I will leave to others to decide if I am the bigot I'm accused of being but I would like to defend myself. Oh, not for the unkind words. I suppose if that is the basis and only criteria for my judgement than I am indeed guilty.
However, bigotry is not as simply defined or verified by an emotional outburst regarding a situation one does not like and of which one does not wish to be a participant, namely living in an economically challenged area with persons who do not share your own values and beliefs. I come from a working class family of very moderate means and I have no regret or shame of my past or my family. I do not, however, share the general values or beliefs of the rest of my family and I had and still have every wish to leave that world behind me - and for very good reason. I don't 'fit in'.

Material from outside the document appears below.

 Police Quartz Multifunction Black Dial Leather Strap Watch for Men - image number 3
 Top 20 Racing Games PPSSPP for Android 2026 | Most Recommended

It's many years now that I have lived on my own, and then with my spouse, Mark, striving to build a very different life with very different expectations of what is worthwhile in having and working towards. That is not a criticism of my parents or brothers and sister and the lives they've chosen. I know each of them has given the best of themselves to the lives they've built and to their families. Mom and Dad have given to me the very best of what they had and one of those gifts was the encouragement to become in life what God meant for us to be. Have I used the gift well and been successful?

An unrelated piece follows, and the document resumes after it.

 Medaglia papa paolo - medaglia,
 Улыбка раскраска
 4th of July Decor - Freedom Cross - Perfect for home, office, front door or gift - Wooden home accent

I am a gay man. Living in a small town in southern Arizona with a strong Catholic community did nothing for my self esteem or ability to express myself and who I am. I'm not here to debate the issues of growing up gay and being catholic or from a small western town. There are reams of papers describing the horrors and traumas of being completely outside the mainstream of a heterosexual family lifestyle and what happens to the young people who are faced with this situation which entails self hatred, verbal and physical brutality in one's peer group and ostracism on a large scale. That is if you don't hide and deny whom you are and appear different from others outwardly.
I suppose I flitted - it's a good word for this - in and out of being myself and hiding myself. As a child i knew nothing of homosexuality, or any sexuality for that matter, and never even identified as being 'gay' until my mid-twenties when living in Phoenix. I simple knew that I was not attracted to girls other than as friends, and when puberty hit like a Mack truck found I WAS definitively attracted to men. And I do mean men - I wanted to be with someone older and wiser than myself and had no interest in boys my own age. In some ways I longed for a father figure, for I was not in an intimate relationship with my own Dad growing up.
But back to growing up. My interests in art, design, literature and fashion were not the interests of the other boys my age. I was quite alone all through puberty and my teens. In high school I never once had lunch with a friend in the cafeteria but spent every noon hour reading in the library. I slowly became proud of my learning and knowledge and found it extremely useful in defending myself against the many attacks perpetrated by kids who saw me as different and taunted me and attempted to pick fights. If I could make it clear to these bullies that they were not educated, had no world vision and would always be small town insignificant redneck twats than I could manage one more day of being alone and lonely. Hating those who hate you for no particular reason other than you don't like football is a shallow and empty gesture. Nevertheless, I had no guidance in becoming forthright and open, loving and accepting of others differences for I had a secret.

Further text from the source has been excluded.